**Task:**
The exercise calls for exact output of the lines between the one that contains "CLASSIC FLANNEL SHACKET" and the end of the data, with both ends kept and pictures left out.

**Raw data:**
☆ ☆ ☆

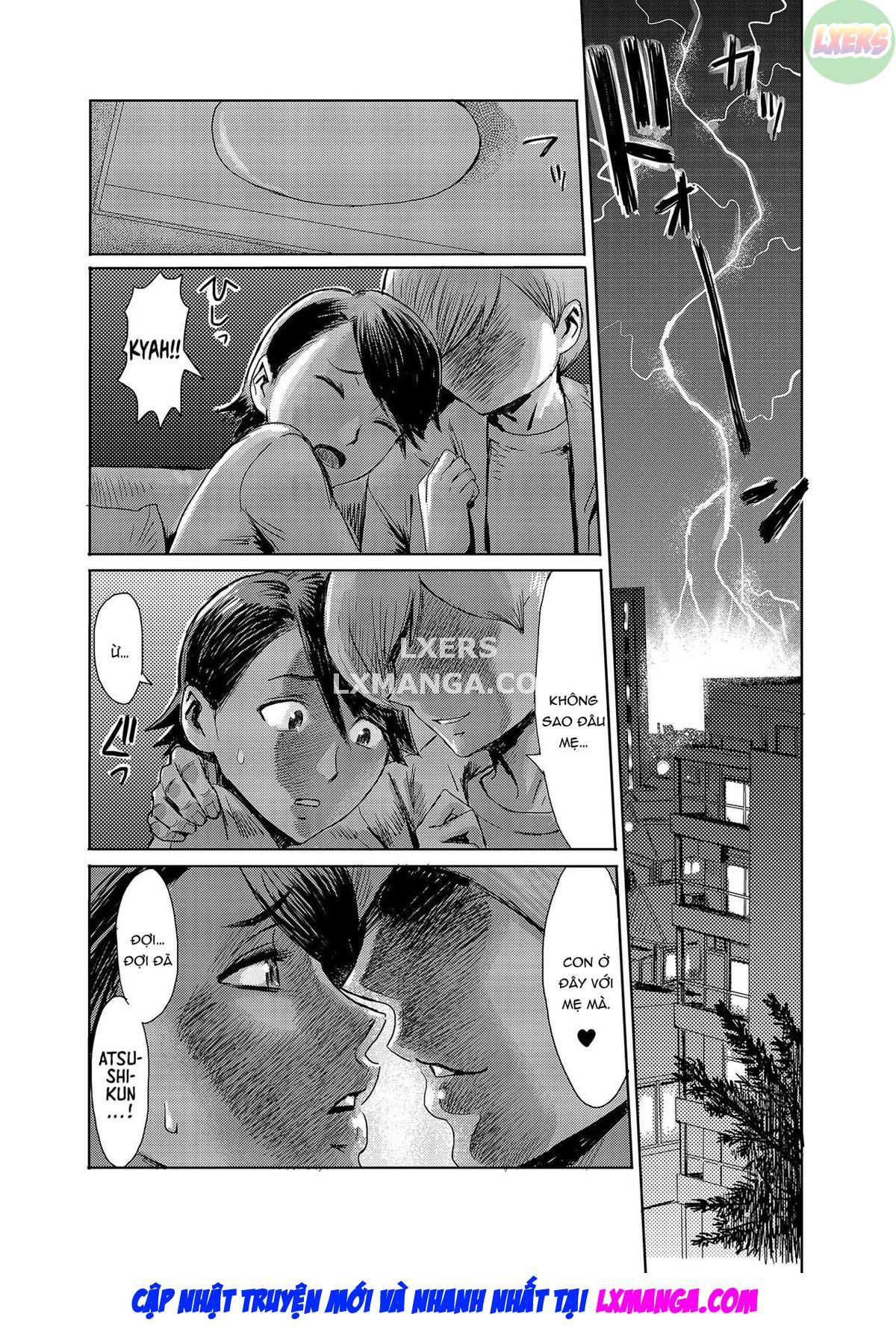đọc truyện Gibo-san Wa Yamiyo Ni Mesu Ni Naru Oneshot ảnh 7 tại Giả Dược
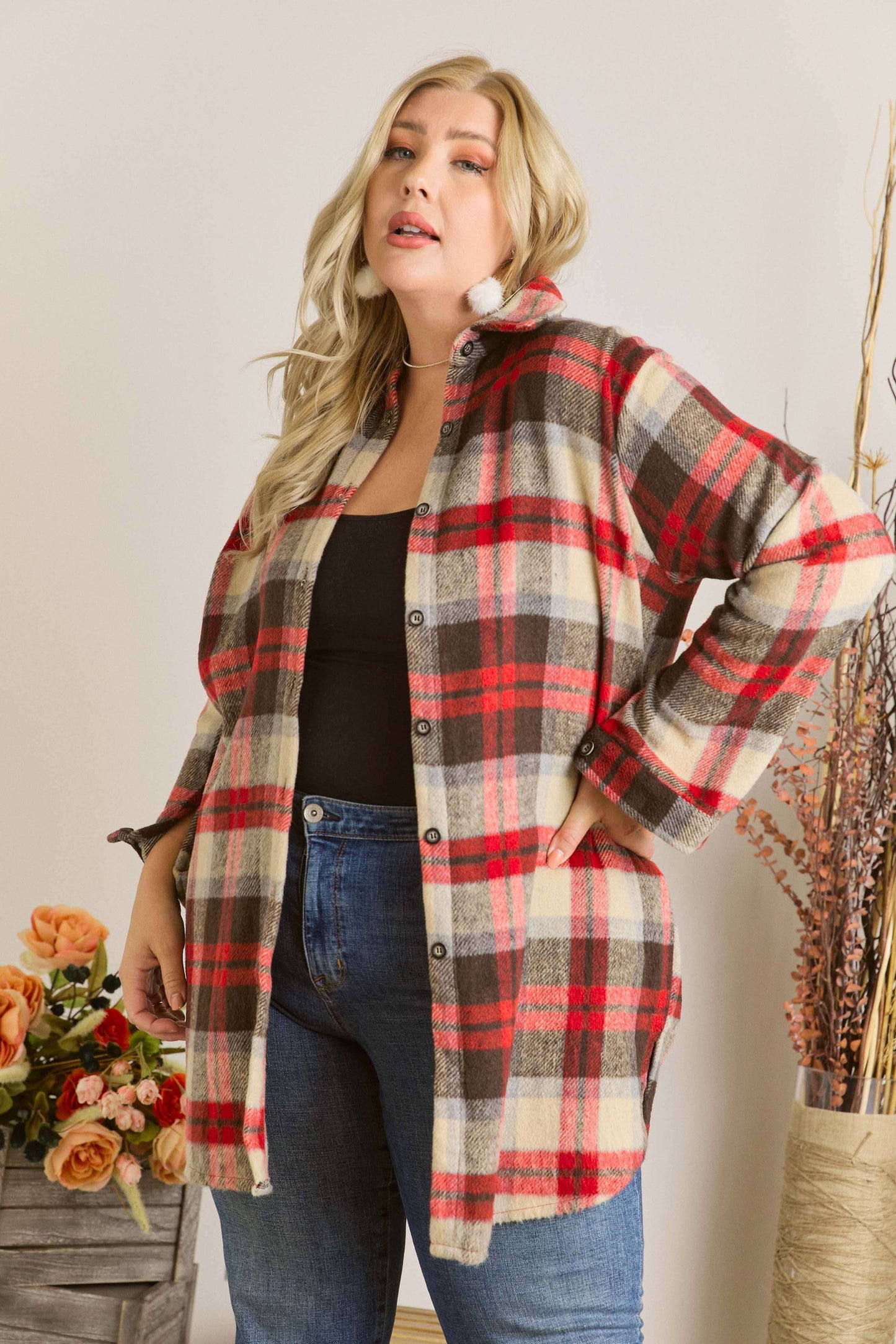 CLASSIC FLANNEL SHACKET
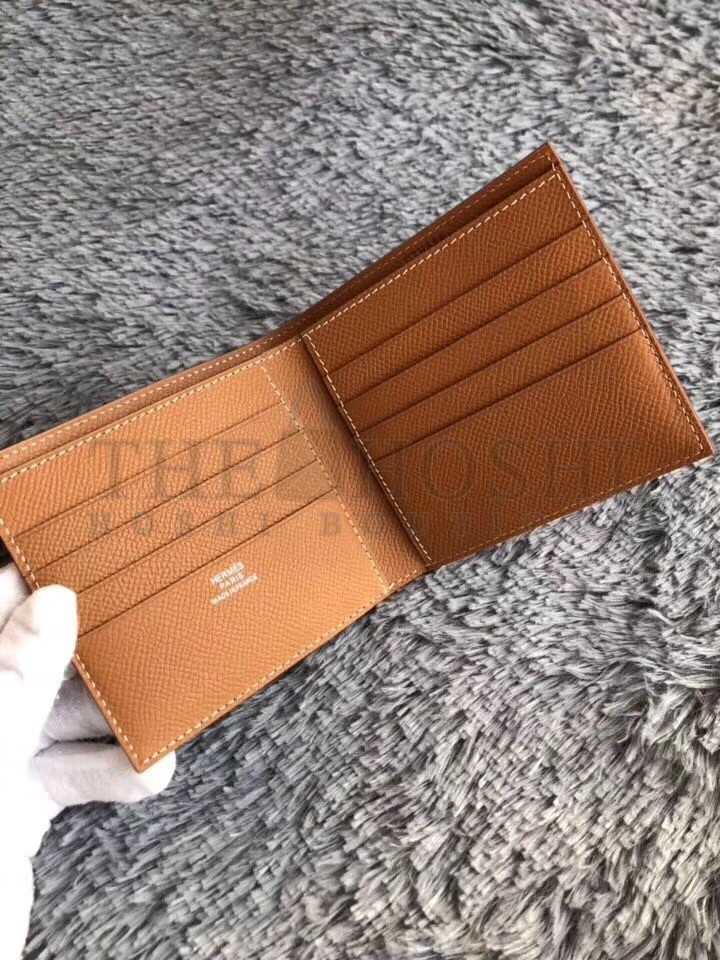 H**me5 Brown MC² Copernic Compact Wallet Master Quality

☆ ☆ ☆

**Exercise response:**
 CLASSIC FLANNEL SHACKET
 H**me5 Brown MC² Copernic Compact Wallet Master Quality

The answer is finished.